La Butte de Fromagère
My mouth is watering just thinking about this little artisanal cheese business. It has a superb array of goat cheese, mostly from tiny French farms, matured Comté and Mimolette, and creamy Saint-Félicien for all palates.
The Abbesses’ Cave
La Cave des Abbesses, a combined wine bar, pâté vendor, and bottle shop, is a foodie’s paradise. Established in 1986, this beloved local landmark is ideal for enjoying a cheese and charcuterie plate during happy hour or grabbing a bottle for a picnic on the basilica steps with a city view.

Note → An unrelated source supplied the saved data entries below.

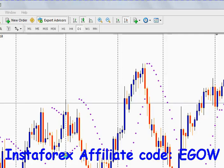Hi friends, this is Belal Heather and this is my 27th video lecture on expert advisors. In this video I'll be talking about another trend indicator which is called Commodity Channel Index, or CCI for short.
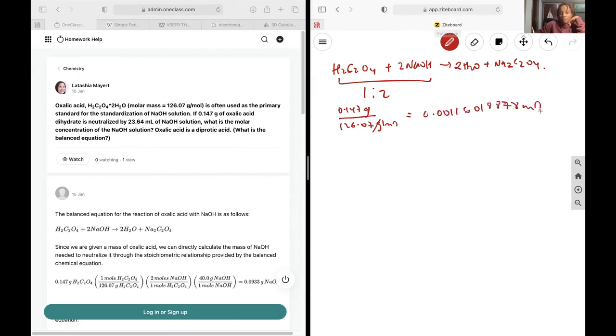0.00116018878 mole. And so if I want to find out the moles of sodium hydroxide, I'm just going to multiply that by 2 based off of this relation.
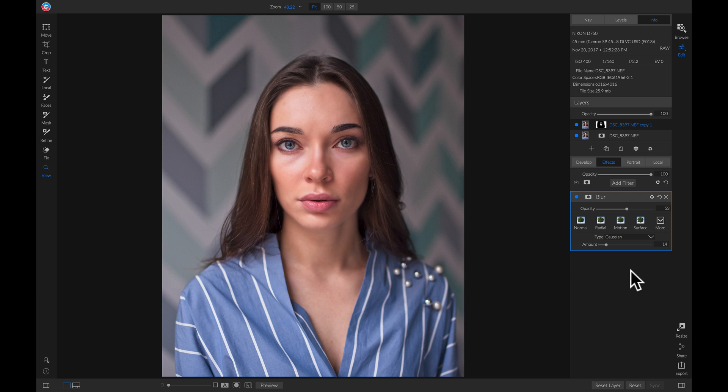So those are my three ways to smooth out skin using On One Photo Raw 2019. I'm Dylan with On One, and thanks for watching.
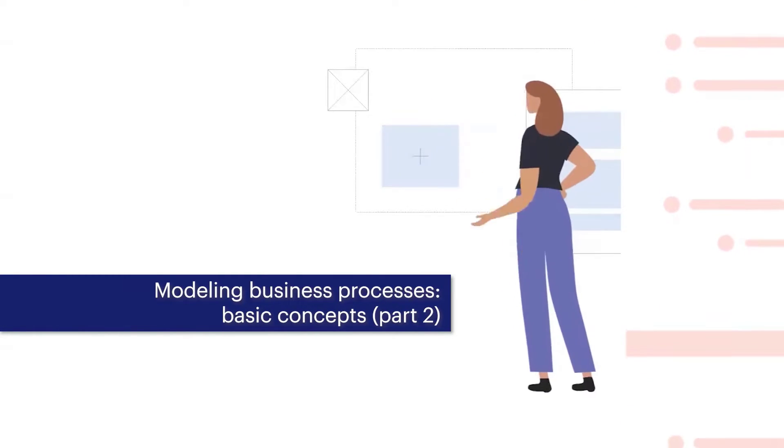In the previous video, we modeled the case when a client was already registered. We are now going to model the situation when a client isn't registered.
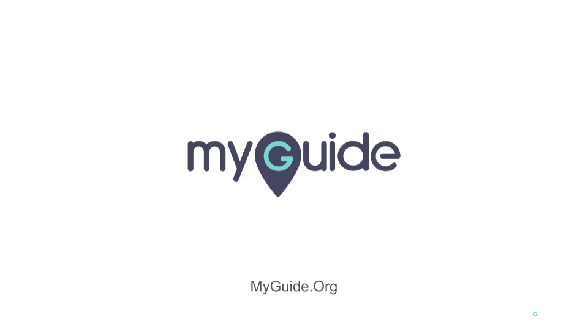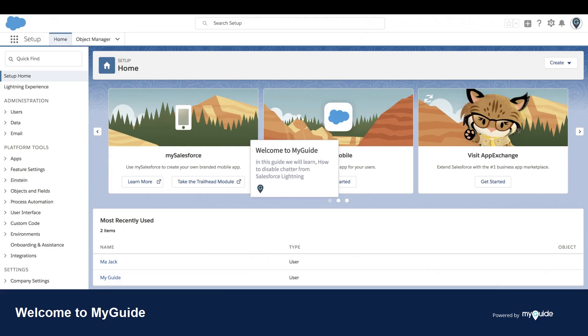Welcome to my guide.org. In this guide, we will learn how to disable Chatter from Salesforce Lightning.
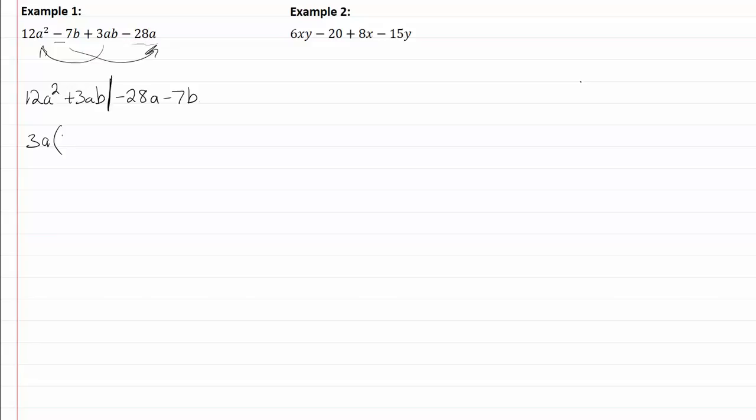Twelve divided by three is four, a² divided by a is a, three divided by three is one, a divided by a is one, and that's going to leave me with a b.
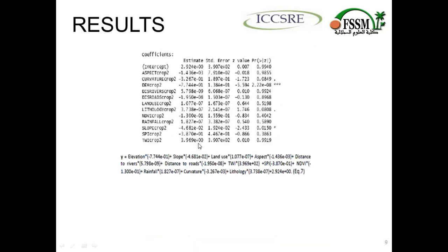Regarding the results, from the analysis of the coefficients for the 12 factors, it can be observed that land use, distance to rivers, rainfall, and lithology have an important role in the occurrence of floods in the study area, as they all have positive coefficients. On the other hand, elevation, aspect, distance to roads, and slope factors have negative or lesser effects on flooding in our catchment, as they all have negative coefficient values.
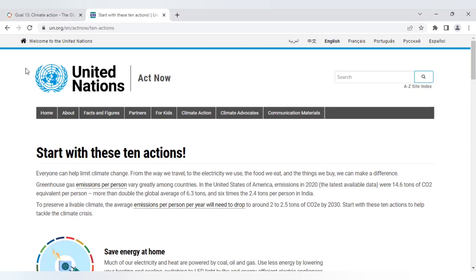So to reduce the impact of CO2 on our planet we all need to get that average drop down to between 2 and 2.5 tonnes per person by 2030. So that is a huge target.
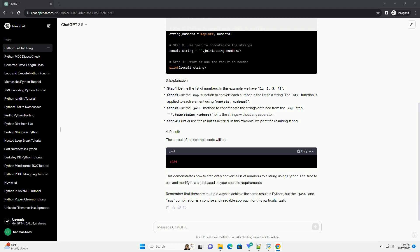This demonstrates how to efficiently convert a list of numbers to a string using Python. Feel free to use and modify this code based on your specific requirements. Remember that there are multiple ways to achieve the same result in Python, but the join and map combination is a concise and readable approach for this particular task.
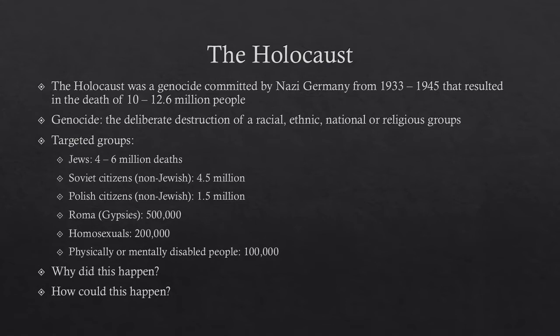The Nazis targeted a number of different groups. Between four and six million Jews were killed during the Holocaust. They also targeted Soviet citizens — 4.5 million non-Jewish Soviet citizens were killed — as well as 1.5 million non-Jewish Polish citizens, around 500,000 Roma people (also known as gypsies), approximately 200,000 homosexuals, and about 100,000 physically or mentally disabled people.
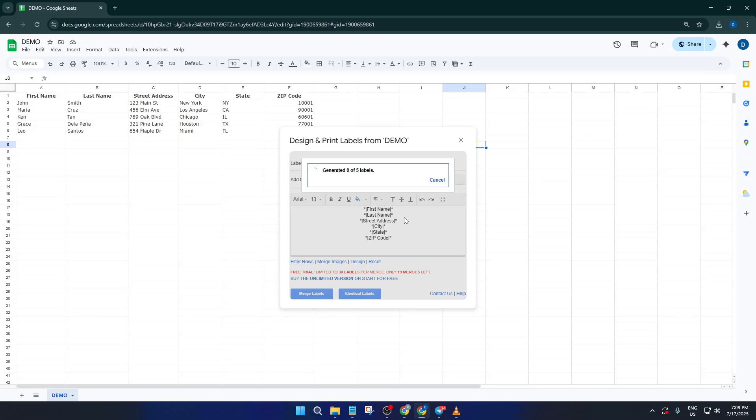And that's it, your perfectly formatted labels are ready to print and stick. No expensive software, no tricky formatting, just a few clicks and your Google sheet becomes a stack of labels.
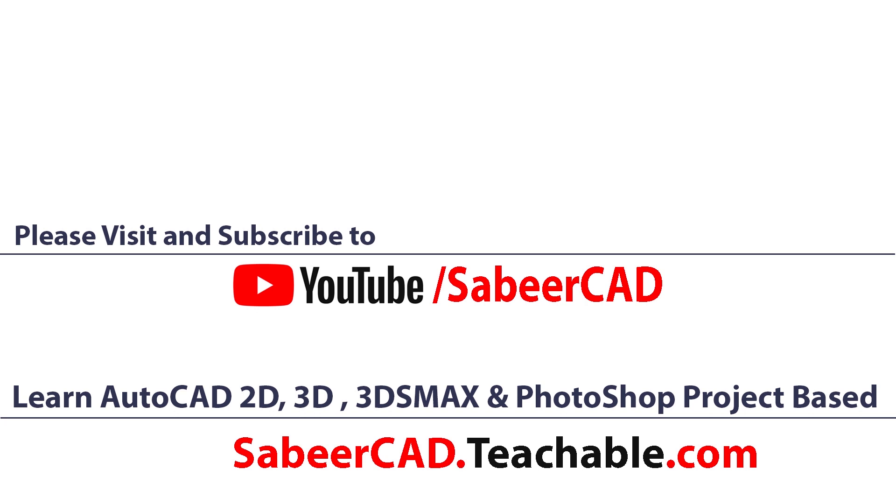You will also get all future updates of lessons for free. You can get all your queries answered through WhatsApp chat and mail.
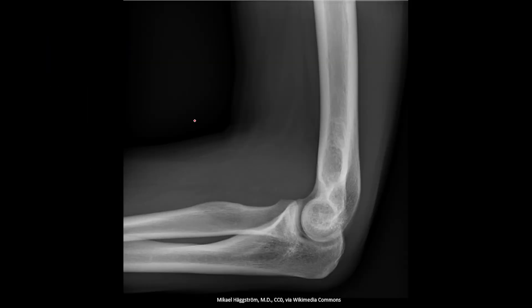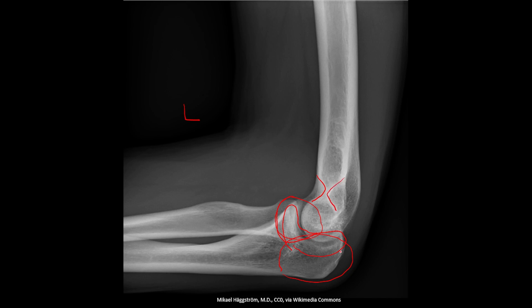On the lateral x-ray of the elbow, we can see the trochlear notch better, and also the olecranon better. The articulation between the radial head and the capitellum is also more visible, and on the lateral view you can also see the coronoid fossa and the olecranon fossa.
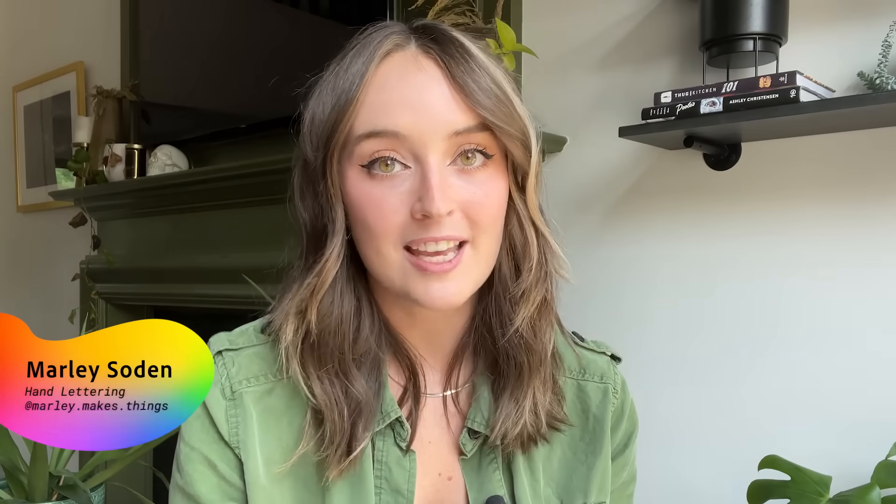Hi! My name is Marlee Soden, aka Marlee Makes Things, and I'm a hand lettering artist based in North Carolina.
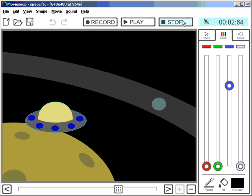Spaceship lands. What I want now is I want this planet in a different colour, and I also want some stars in the background.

Amidst the plethora of kilo shops and massive thrift stores in Paris, there are a few unique locations for unique vintage treasures. Visit Numéro Deux, an appointment-only vintage Levi’s showroom specializing in 501s, for finely picked denim. Prepare to browse racks and take the spiral staircase down to the basement at Chinemachine on Rue des Martyrs to find well-priced designer selections and ’60s party gowns. One of my favorite stores in the city, Vintage Inspiration Paris, is a little further out. The eccentric proprietor of the business will happily assist you in trying on Hermès purses and YSL jackets; the collection is exquisite but not inexpensive.
Several French sommeliers have told me this fantastic cellar is their favorite in Paris, so natural wine enthusiasts shouldn’t miss it. The tiny but powerful wine shop offers an impressive range of well-known and up-and-coming organic and biodynamic wineries.
Rouge Mouline: A sign with a red windmill
The Moulin Rouge
Although tickets for the “Féerie” show are pricey, this iconic lounge used to be the height of Parisian nightlife. Besides, how often do you get to watch a real French cancan? The spectacle is well worth the price of admission since it is a captivating homage to Paris’s history.
- Montmartre, a unique neighborhood in Paris, offers stunning panoramic views, romantic museums, and secret gardens, maintaining its identity despite being incorporated into the city in 1860.
- The top activities in Montmartre include exploring the Sacré-Cœur Basilica, visiting museums like Musée de la Vie Romantique and Dalí Paris, experiencing Halle Saint Pierre, making art in Place du Tertre, and capturing memories in a vintage photo booth.
- L’Esquisse is a recommended Michelin-star restaurant in Montmartre, offering creative variations on classic meals, while other dining options include Hardware, Mamma Pink, Pigalle Bouillon, L’Arcane, and Mokko.
- For accommodations, Hôtel Particulier Montmartre, Maison Souquet, Hôtel Arvor, and The Monsieur Aristide Hotel provide unique and luxurious stays, each with its own charm and style, capturing the artistic essence of Montmartre.